Le seul moment un peu décevant car trop rythmico-rythmique se trouve à 3:07 sur « Deus Avertat », mais le riff évolue intelligemment en l'espace de quelques secondes et se transforme en rampe de lancement pour un magnifique solo dont Bryssling a le secret. Oui, vous lisez bien, sur cinquante-deux minutes je n'arrive à trouver qu'une poignée de secondes vaguement inférieures à la perfection absolue du reste de cet album, ce qui me fait dire sans l'ombre d'une hésitation que
Incurso est le meilleur album de brutal death technique qu'il m'ait été donné d'entendre, devant même les deux chefs d'œuvre américains cités plus haut. Le seul véritable défaut de cet album, ce qui fait que je ne peux pas décemment lui accorder la note maximale même si j'en ai furieusement envie, c'est bien évidemment sa production. Globalement claire et jouissant d'un bon équilibre entre chaque instrument – quoique la basse aurait pu être mise légèrement plus en avant – elle pèche pourtant dans la spatialisation, et l'impression de se retrouver face à un mur sonore compact ne quittera jamais l'auditeur déjà malmené par la densité des compositions. Pourquoi diantre mettre toutes les pistes de guitare au centre ? Sans devenir pour autant brouillon, le son en perd en clarté et, à moins d'écouter l'album avec un bon casque et quelques réglages inhabituels, le rendu laisse invariablement à désirer, surtout quand on a connu l'excellence de
Diminishing Between Worlds. Et pour continuer dans la comparaison avec Decrepit Birth, les aigus des guitares sur
Incurso sont bien trop crus et agressifs : là où la rondeur du son de Matt Sotelo paraissait être un nuage délicat d'harmoniques, celui de Bryssling se fait trop « harsh », comme disent ces étranges êtres aux cheveux sales que sont les guitaristes, et il vrille le tympan délicat des mélomanes que nous sommes. Bien évidemment c'est un choix volontaire de la part de l'homme à tout faire de Spawn Of Possession, ce son très cru étant déjà présent sur
Noctambulant et surtout sur
Cabinet, mais cette fois-ci l'ensemble est moins harmonieux et gâche un peu l'écoute d'un album pourtant jusque là on ne peut plus proche de la perfection.

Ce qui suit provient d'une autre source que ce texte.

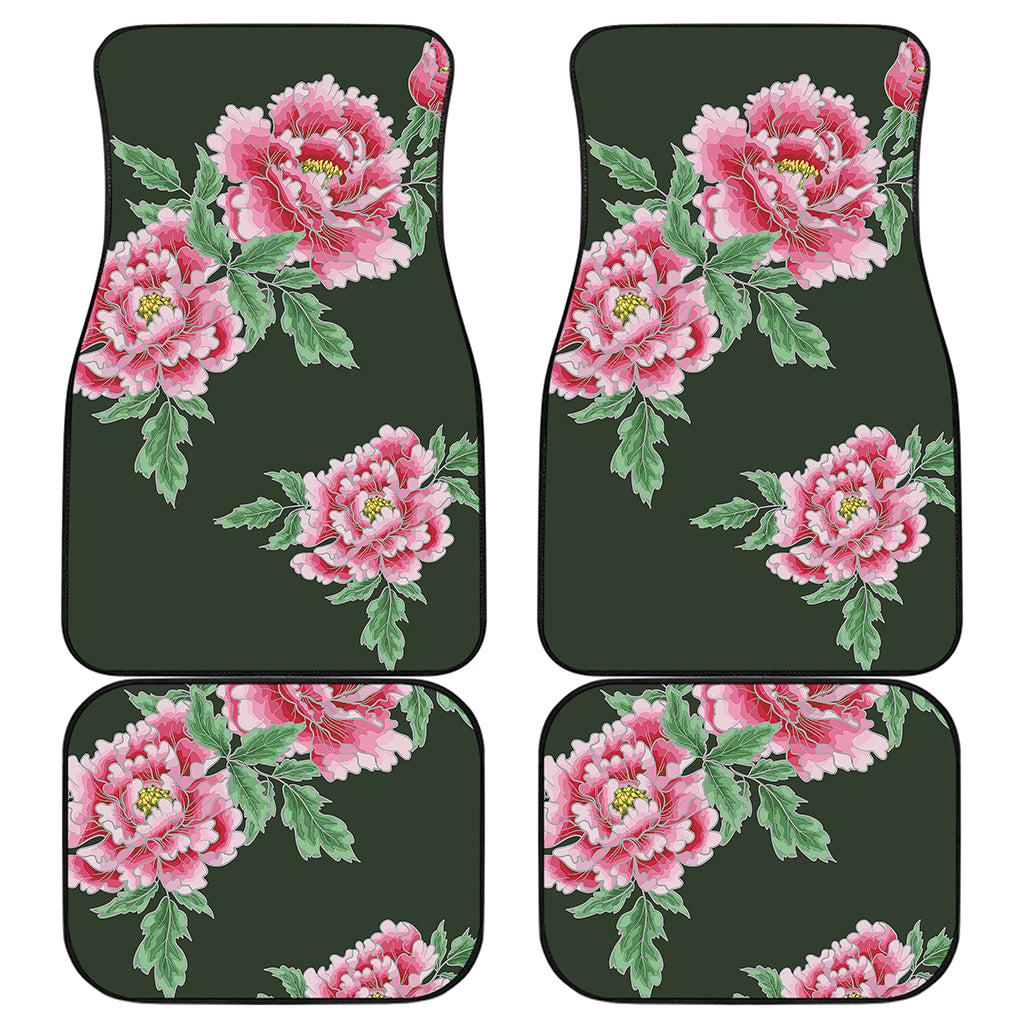 Japanese Peony Print Front and Back Car Floor Mats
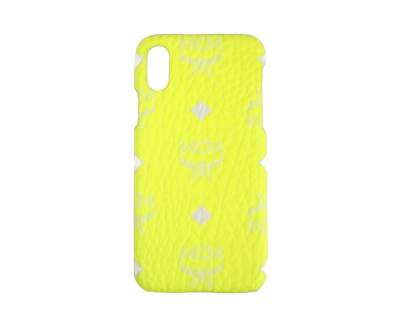 Mcm Unisex Neon Yellow Visetos Iphone X / Xs Cell Phone Case In Neon Yellow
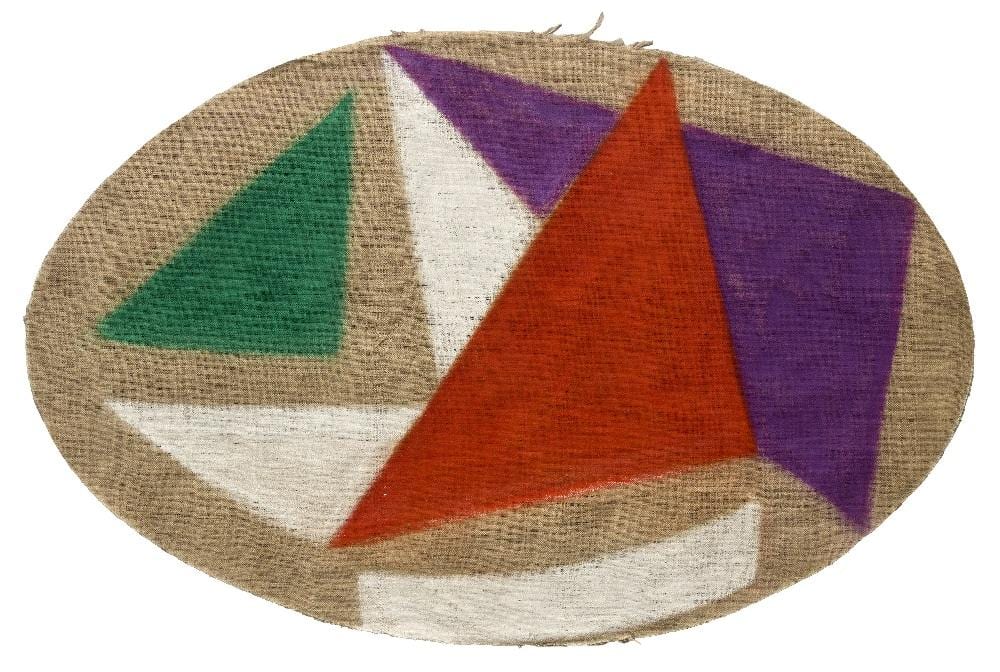 Margaret Mellis comparable auction result: margaret mellis three boats vi chinese orange green purple white c 1977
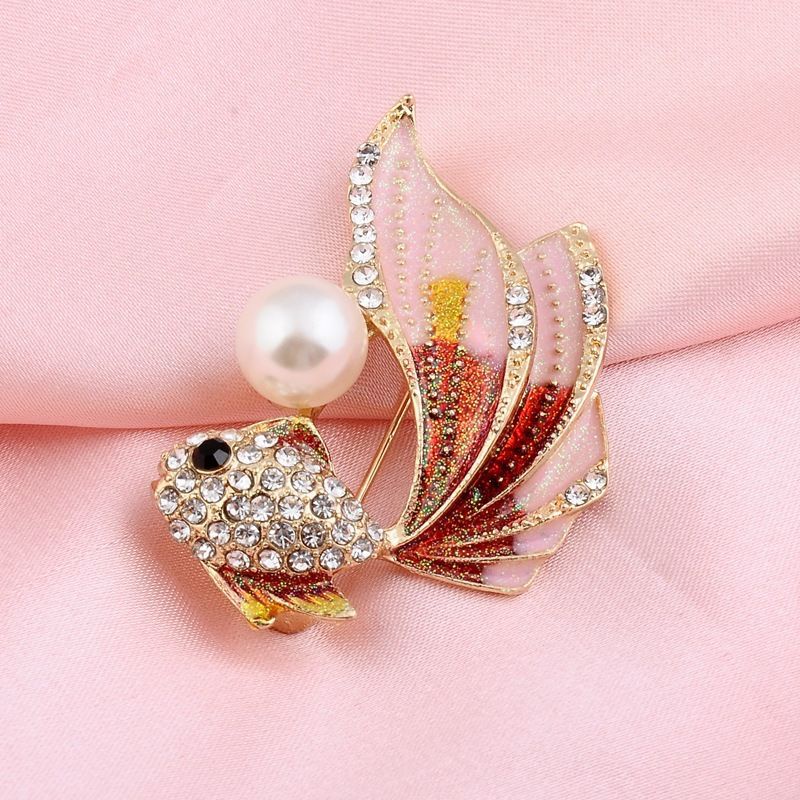 Ghim CàI ÁO HìNh Chú Cá ĐíNh Kim Cương NgọC Trai Giả ThờI Trang Cho Nữ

En presque cinq ans je n'avais jamais écrit quelque chose d'aussi dithyrambique à propos d'un promo ou d'un album d'actualité que j'avais acheté avant de le chroniquer. Certes j'ai mis une note équivalente à
Antithesis et
Diminishing Between Worlds, mais contrairement à
Incurso ces deux albums souffraient de défauts mineurs respectivement dans les compositions ou l'interprétation, là où la seule production et le choix du matériel coûtent à
Incurso un 10/10 que j'avais longtemps hésité à lui mettre pour marquer sa supériorité musicale. D'une richesse inégalée, le nouvel album des Suédois parvient à conjuguer le meilleur de tous les aspects du brutal death technique et allie une efficacité dantesque à des mélodies mémorables. Je plains sincèrement ceux qui, par manque de volonté, de temps ou simplement parce qu'ils n'arrivent pas à concevoir que l'on ne puisse créer une musique pareille que par le prisme de la complexité, passeront à côté de ce joyaux si méticuleusement taillé. Les autres se laisseront emporter avec joie dans ce tourbillon furieux, en profitant aussi bien des performances d'un vocaliste toujours aussi impressionnant et des virtuoses dont on se demande comment ils ont pu mémoriser leurs partitions que de la musique de Spawn Of Possession pour ce qu'elle a de plus immédiat et efficace. En attendant on peut aller les voir pour une de leurs rares tournées en France du 27 mars 1er avril, et une bonne partie de la rédaction sera là pour applaudir le groupe qui finira sans doute tout en haut de notre classement annuel.